The sprinkler systems have been turned on across our new neighborhood. Too much water, too wayward, it runs off.
I like data so my mind wandered to where we might also be wasting resources (read spending too much money). One should never go to the grocery store hungry, but you know that.
That river on concrete seems a little prophetic. There a thousand things I want to do, and too little time to try. I get wayward when I’m not careful, and my efforts don’t water anything important.
A few people close to me know my watchword for the year is finish. I could teach a master class in beginnings and yet I often fail at placing the period at the end of an endeavor.
So I’m asking myself more often:
Is this healthy?
What is the soft cost…in time, sacrifice to something or someone else…?
Could someone else do this better?
Is my effort accretive to something lovely? Or enduring?

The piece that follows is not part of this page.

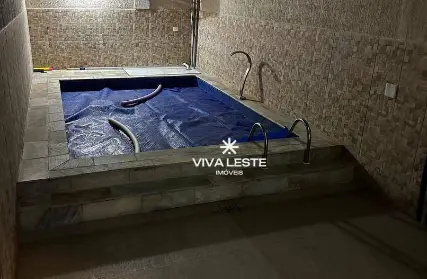 Imagem: Sobrado para Venda, Vila Guilhermina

I want to tell you a story that brings this home. J. and I went to an antique mall, one I will return to often. There was a small space there with a floating iron grid ceiling. Before we left I inquired about the cost for leasing it for Juliet Rome, asked for 24 hours to consider it, and assured the manager I would be back to sign the contract. I floated in the imagination of it, lost a night’s sleep to it, walked toward and away from it, and storyboarded what I would curate for it before my first cup of coffee.
It would have been a grand beginning. It would have been lovely. But my life in this season could not put a period on it. It would be water running down the street.